Last year the administration tells us they’re happy with our spending policy. Now they tell us it’s inadequate and they have to cut the Latin American Studies Program, which is a key element of our strategy. What’s right here? How do we set a policy that we all can live with without having to reexamine this issue every few years?
The speaker was Sam Scribner, Chair of the Budget Committee of the Board of Trustees of Merced College. He was commenting on the policy the college used to determine the amount of endowment earnings that should be used as revenue in the college’s operating budget. For the past several years Merced had been attempting to determine a policy that would be appropriate in light of the dual demands of preserving the purchasing power of the endowment fund, while simultaneously providing the central administration with some predictability of revenues for the operating budget.
Merced College was a 150-year old, 4-year undergraduate institution with an enrollment of approximately 2,000 full-time residential students. It offered a liberal arts education with a full complement of athletic programs and a variety of special programs, including Latin American studies, communications, and meteorology.
Over the years, its alumni, many of whom had assumed position of leadership in business, had donated generously to the college, with the result that Merced’s endowment fund had grown considerably. Data for the past 17 years are contained in Exhibit 1.
The Spending Policy
Prior to 1988, the board’s spending policy had been to provide the administration with all dividends and interest earned on the endowment. All other earnings were reinvested in the endowment fund. In 1988, in response to complaints from the college’s administration that dividends and interest fluctuated widely, depending on the kinds of investments being made with the endowment fund’s portfolio, the board shifted to a policy of providing the administration with 5% of the beginning balance of the fund, lagged one year. The lag was needed to allow budget preparation activities to proceed with complete certainty of the amount to be transferred from the endowment fund.

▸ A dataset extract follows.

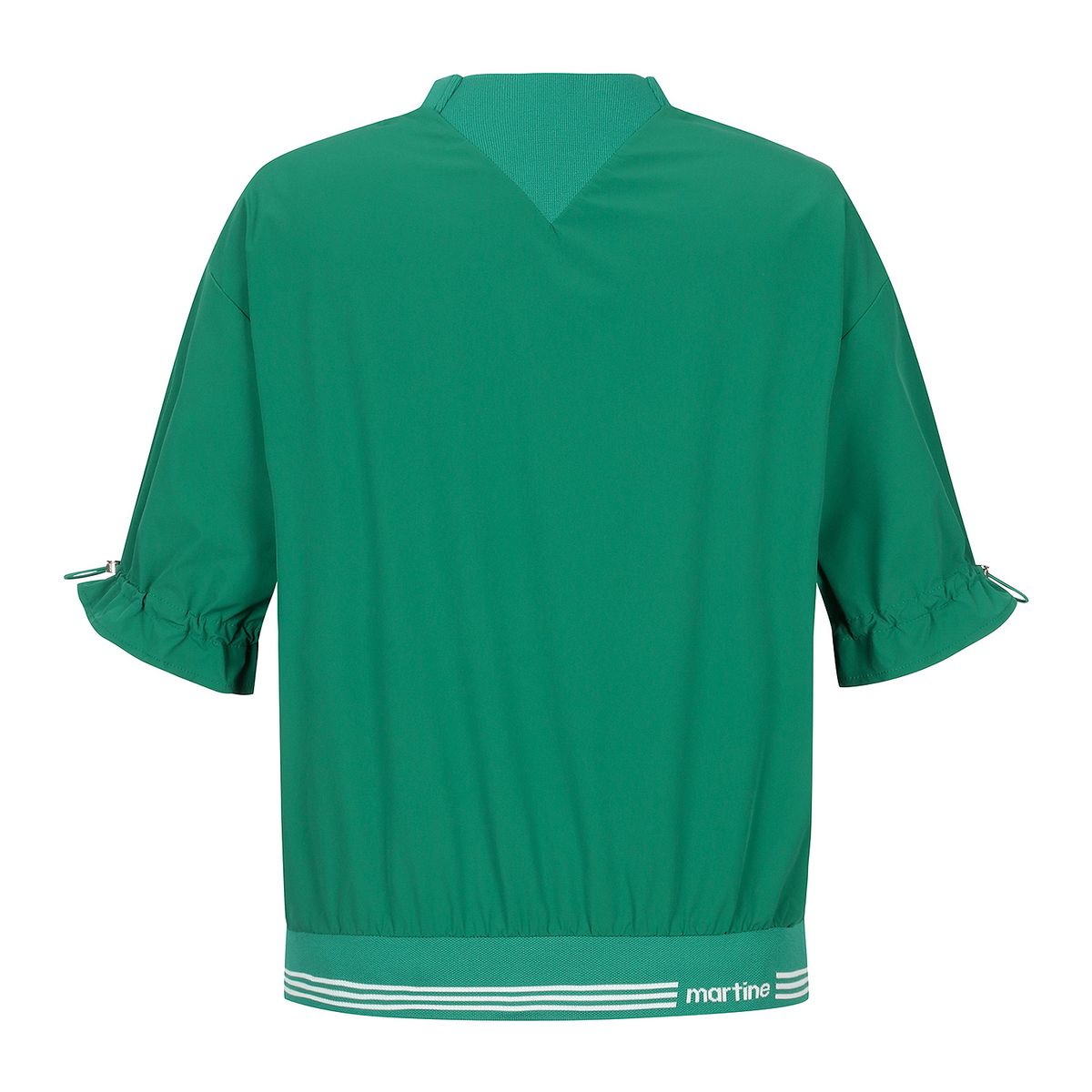 마틴골프(MARTINE GOLF) Puff Sleeve Round Neck Shirts_Green
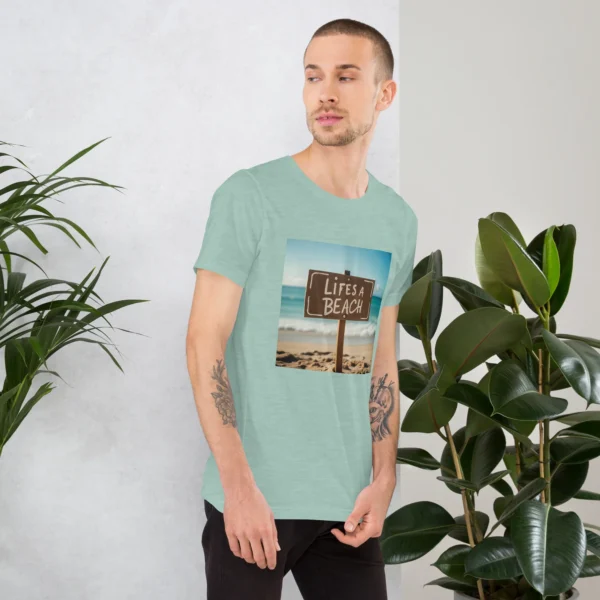 LIFES A BEACH UNISEX T-SHIRT - Image 48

In 1993, noting the dividends and interest were much greater than the amount being transferred to operations under the 5-percent policy, the administration convinced the board to return to a dividends and interest policy. The result, beginning in 1994, was a sharp increase in the transfers from the endowment fund to operations.
The current crisis had arisen because the administration, noting that dividends and interest transfers had declined in 1996, and were below what they would have been under the 5 percent approach, once again was requesting a shift in the policy. It now was recommending a return to the 5 percent approach. Mr. Scribner commented: . . .
- What are the issues that face the committee? Be specific in separating the issues, and then showing how they relate to each other.
- What policy would you recommend the board adopt to deal with each of the issues you identified in your answer to Question 1? In doing this, you should compare your recommendation with the board’s policy over the past 19 years to show how the transfers from the endowment fund would have been affected.